Design

Light within the product

Mentor Lighting Solutions

Most lighting companies work in the field of general lighting. This involves lamps and lights – where the primary purpose of the product is to provide lighting and the focus is on the lighting in the room. At MENTOR too, (almost) everything revolves around light. But our core field is light within the product. We are specialists in product-integrated lighting solutions, which offer wide-ranging added value and can be used in almost any custom designed product.

Light within the product: function – aesthetics – emotion – branding

The variety of sectors in which lighting can be used within products is just as wide as the range of benefits that product-integrated lighting brings. Using the lighting solutions we have developed for and with our customers, and also other examples that did not originate in our company, we would like to show you exactly what lighting within products – including your products – can achieve.

Light provides information, enables communication and facilitates interaction and use

The core benefit of many products has been exhausted. To develop them further, new functions are coming to the fore – extra benefits are becoming more and more crucial to buying decisions and success. Consequently, products are becoming increasingly smart and multifunctional, but more complex too. User-friendliness – the communication between user and product – is becoming more and more important to achieving a positive user experience, and it is also key to sophisticated product design.

Lighting as a source of information and communication channel offers incomparable opportunities to meet the design challenges arising from this. In noisy environments in particular, lighting is an ideal way of providing information and communication. But that is by no means its only benefit: there are any number of design possibilities that incorporate lighting, regardless of the ambient noise level. Some examples:

Using Cook-keys, the Thermomix TM5 cult kitchen appliance firstly connects to the internet (the Cookidoo online recipe portal, to be precise) via Wi-Fi. The ring of light around the Cook-Key lights up and pulses to tell the user when recipes and other data are being transferred. The Blue Home by Grohe kitchen tap has a ring of colour-changing light around the operating button so that the tap can be used intuitively to produce filtered, chilled and sparkling water. The eBox by Compleo charging station also uses light for user-friendly operation, and implements colour-coded light to communicate the current charging status – even in direct sunlight.

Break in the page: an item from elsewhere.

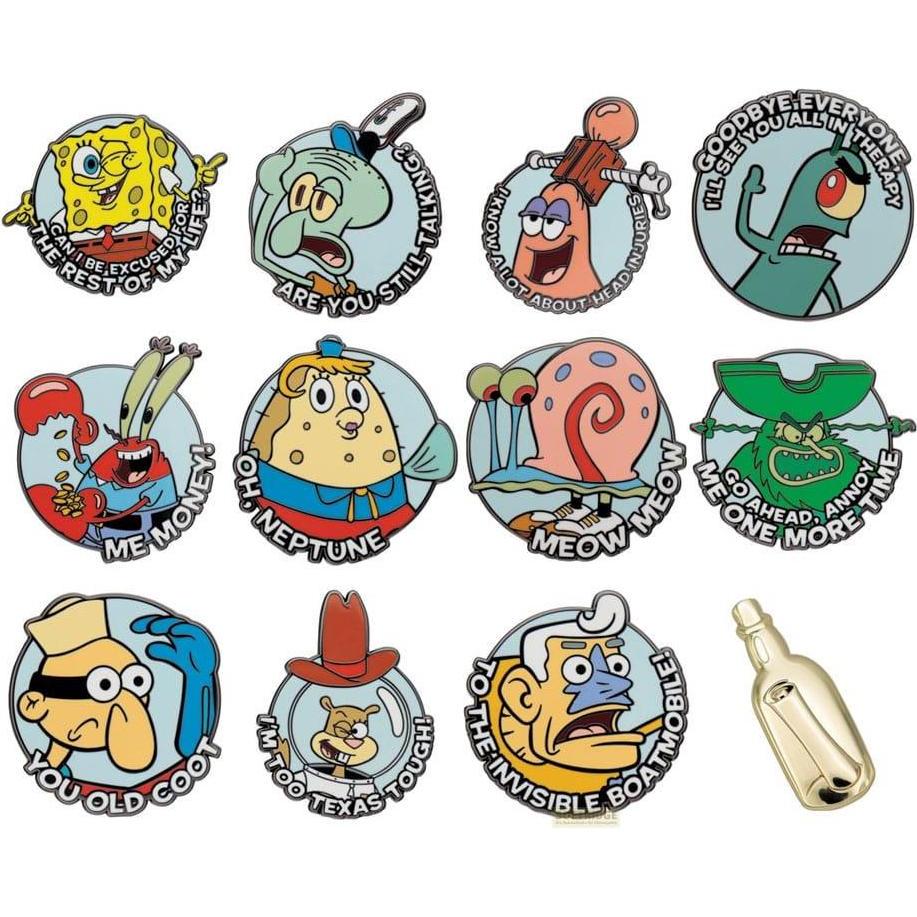 Thumbnail - Fanattik, Anstecknadel, SpongeBob Schwammkopf Ansteck-Pins Display Mystery Pin Badge (12)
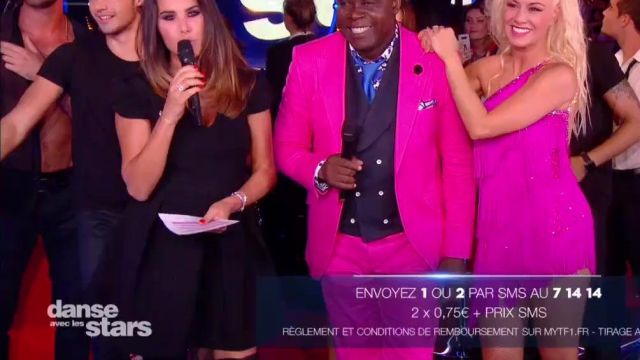 The black dress of Karine Ferri on Dancing with the Stars September 29, 2018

There are plenty more inspiring examples: All of the smart speaker systems in use today, be they from Amazon, Apple, Google or Microsoft, rely on light. These digital home assistants, which primarily use voice as their communication channel, are all assisted by light as an essential information function. Many modern access control systems in hotels, offices, industry and elsewhere use light for assistance and to show a status – for example open or unlocked – but also for alarm situations or sabotage. And in the automotive industry, light is increasingly being used not just for ambience, but to fulfil different functions too. One idea in the field of (semi-)autonomous driving is a steering wheel with a built-in light that tells the driver when he or she needs to intervene.

Light creates atmosphere, provides a guide and offers convenience

Another benefit of product-integrated lighting is that it creates mood and atmosphere. Attractive lighting scenarios can be created by coordinating the light from several different products or by using the space around the product as part of the showcase. The car industry uses built-in lighting to welcome and say goodbye to its products’ users; this demonstrates the impressive effects that are possible if light is orchestrated in a certain way. Undoubtedly, a similar effect can be achieved by using sophisticated lighting to showcase furniture or home décor in larger or smaller rooms.

At the same time, light is perfect for using as a guide. One example of a product that combines the benefits of guidance, convenience and atmosphere in an impressive way is the Monolith Plus toilet from Geberit. It has built-in ambient lighting which is activated by a proximity sensor; the light is bright enough to act as a guide in the bathroom so there is no need to turn on the glaring overhead light. The colour of the light can be adjusted to the owner’s personal taste. Equally as convenient are motion sensor-controlled lighting solutions on beds. They provide enough light to allow the user to find their way around their bedroom without waking up the person next to them.

Light provides safety – or increases it

In different ways, products can be designed with greater safety in mind by using light. For instance, this applies to products that are already primarily used for safety purposes and gain an extra layer of safety from light. Examples are illuminated cycle and motorcycle helmets, and safety vests that actively light up rather than just being reflective. But light can improve the safety of many other products too: staircases and handrails for older people and lane change indicators built into wing mirrors to name just a few.

The design of a new type of police helmet won the “Light in Product Design” prize awarded as part of the 2019 VDID Newcomers Awards. The helmet has built-in lighting in different colours to make it easy to tell the police offer’s unit and identity, even if visibility is poor. This allows the officer in charge to communicate directly, increasing the police offer’s personal safety. Another example is illuminated ski poles, which use coloured lighting to indicate the skier’s speed, communicating possible danger to other people.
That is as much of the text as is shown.